China’s biggest e-commerce business Alibaba held its IPO in the NYSE on Friday. It was huge success. Early in the day stocks changed hands at $92.70, much higher than the $68 some investors had paid.

Alibaba became a publicly traded technology super-giant on Friday, with a company market value of $231 billion, which is bigger than Procter & Gamble.

Initial investors saw gains of 38%, equivalent to more than $9 billion in profits, in just the first day of trading. The average first day increase for American-listed Internet and technology deals in 2014 has been 26%.

Alibaba’s IPO sold 320.1 million shares at $68, trading under the ticker BABA. It raised $21.77 billion, easily beating Visa’s IPO of almost $17.9 billion in 2008.

There is a 30-day option for underwriters to purchase approximately 48 million more shares. So, the offering may reach $25 billion, which would make it the world’s largest ever IPO.

Larger first-day deals tend to have smaller jumps, making Alibaba’s impressive surge even more spectacular.

Alibaba IPO

Alibaba shares jumped 38% in one day (Photo source: Alibaba)

Alibaba now has lots of cash

Alibaba’s IPO means it is now super cash rich and can easily buy up a string of other companies and launch new products. It is likely to compete more fiercely with Internet rivals at home such as BIDU and Tencent, and also expand into international markets in a big way.

Even though the company insists it aims to concentrate on its domestic e-commerce market, which from 2011 to 2015 is forecast to triple, most analysts believe it will not be able to resist the temptation of international markets, especially now that it has the financial clout.

Alibaba Holdings was founded by former English language teacher Jack Ma, who started off connecting Chinese producers with American importers online fifteen years ago. He is now the richest person in China. His stake in Alibaba was worth more than $18 billion by Friday’s close. Mr. Ma sold almost $1 billion’s worth of stock yesterday.

Welcome to US shareholder scrutiny and pressure, Alibaba. Investors are going to expect growth in a market with declining advertising rates. Unless the company comes up with new products and ideas, the pressure will grow.
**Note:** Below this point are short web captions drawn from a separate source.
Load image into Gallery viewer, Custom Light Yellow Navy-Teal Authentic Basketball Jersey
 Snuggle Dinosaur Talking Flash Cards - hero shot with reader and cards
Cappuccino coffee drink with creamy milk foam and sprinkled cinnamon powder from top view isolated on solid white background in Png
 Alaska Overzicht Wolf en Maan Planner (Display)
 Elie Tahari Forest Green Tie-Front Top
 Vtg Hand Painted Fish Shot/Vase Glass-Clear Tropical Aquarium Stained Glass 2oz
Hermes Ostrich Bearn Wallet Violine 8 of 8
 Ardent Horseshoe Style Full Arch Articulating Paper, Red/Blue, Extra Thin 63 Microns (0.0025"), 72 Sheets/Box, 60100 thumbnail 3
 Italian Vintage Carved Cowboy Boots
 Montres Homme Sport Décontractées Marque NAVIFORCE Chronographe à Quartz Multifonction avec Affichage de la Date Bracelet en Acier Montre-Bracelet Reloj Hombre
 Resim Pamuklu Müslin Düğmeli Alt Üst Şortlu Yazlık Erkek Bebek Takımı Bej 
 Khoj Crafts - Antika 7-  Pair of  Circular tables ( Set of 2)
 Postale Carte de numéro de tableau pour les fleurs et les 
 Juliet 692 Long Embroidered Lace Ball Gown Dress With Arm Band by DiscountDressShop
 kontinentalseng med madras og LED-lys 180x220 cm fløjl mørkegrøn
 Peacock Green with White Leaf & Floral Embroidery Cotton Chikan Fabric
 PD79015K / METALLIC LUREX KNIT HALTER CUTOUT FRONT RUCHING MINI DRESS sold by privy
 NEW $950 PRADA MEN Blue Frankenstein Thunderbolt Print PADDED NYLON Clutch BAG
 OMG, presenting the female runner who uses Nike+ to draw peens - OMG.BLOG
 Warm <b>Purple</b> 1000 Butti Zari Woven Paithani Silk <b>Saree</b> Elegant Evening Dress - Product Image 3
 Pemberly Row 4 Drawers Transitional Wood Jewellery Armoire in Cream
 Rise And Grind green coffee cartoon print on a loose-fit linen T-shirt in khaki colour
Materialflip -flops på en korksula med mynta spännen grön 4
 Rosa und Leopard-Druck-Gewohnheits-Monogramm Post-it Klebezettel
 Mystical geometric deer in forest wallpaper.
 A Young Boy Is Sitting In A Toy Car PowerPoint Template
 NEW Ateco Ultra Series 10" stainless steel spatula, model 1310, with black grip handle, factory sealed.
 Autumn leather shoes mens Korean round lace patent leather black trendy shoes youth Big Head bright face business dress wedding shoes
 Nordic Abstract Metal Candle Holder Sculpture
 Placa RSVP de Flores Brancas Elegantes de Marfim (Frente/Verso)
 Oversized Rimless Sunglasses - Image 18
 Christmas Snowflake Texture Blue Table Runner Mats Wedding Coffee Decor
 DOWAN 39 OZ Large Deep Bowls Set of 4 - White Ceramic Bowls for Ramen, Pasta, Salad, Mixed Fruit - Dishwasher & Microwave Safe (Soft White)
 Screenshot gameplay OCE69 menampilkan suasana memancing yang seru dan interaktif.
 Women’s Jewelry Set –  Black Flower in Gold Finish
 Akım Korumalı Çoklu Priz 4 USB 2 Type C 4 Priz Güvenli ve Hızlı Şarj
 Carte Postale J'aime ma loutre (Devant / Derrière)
Video – Jack Ma on Alibaba’s IPO success

 

It will be interesting to see how Mr. Ma deals with western investors. He once said the greatest priorities for a company are its customers, followed by its workers, and then its investors in third place, but a long way down.

Mr. Ma stood on the floor of the New York Stock Exchange on Friday together with eight of his company’s customers, and rang the opening bell.

Mr. Ma said:

“We want to be bigger than Wal-Mart. We hope in 15 years, people say this is a company like Microsoft, IBM, Wal-Mart. They changed, shaped the world.”

Alibaba is quite different from other e-commerce giants in that it does not sell anything directly to customers – it connects people and small businesses. Some of its platforms, such as TMall and Taobao represent 80% of China’s e-commerce.

It has 279 million active buyers who visit Alibaba sites at least once a month on mobile devices, which makes its stocks especially appealing in a market that is shifting away from desktop and laptop PCs.

Alibaba will need to break with history, though, if it wants to keep its investors on board over the long-term. Since the mid-1990s, Chinese stocks have typically burned both domestic and foreign investors. They tend to start well, but are notorious for not being able to keep up with inflation.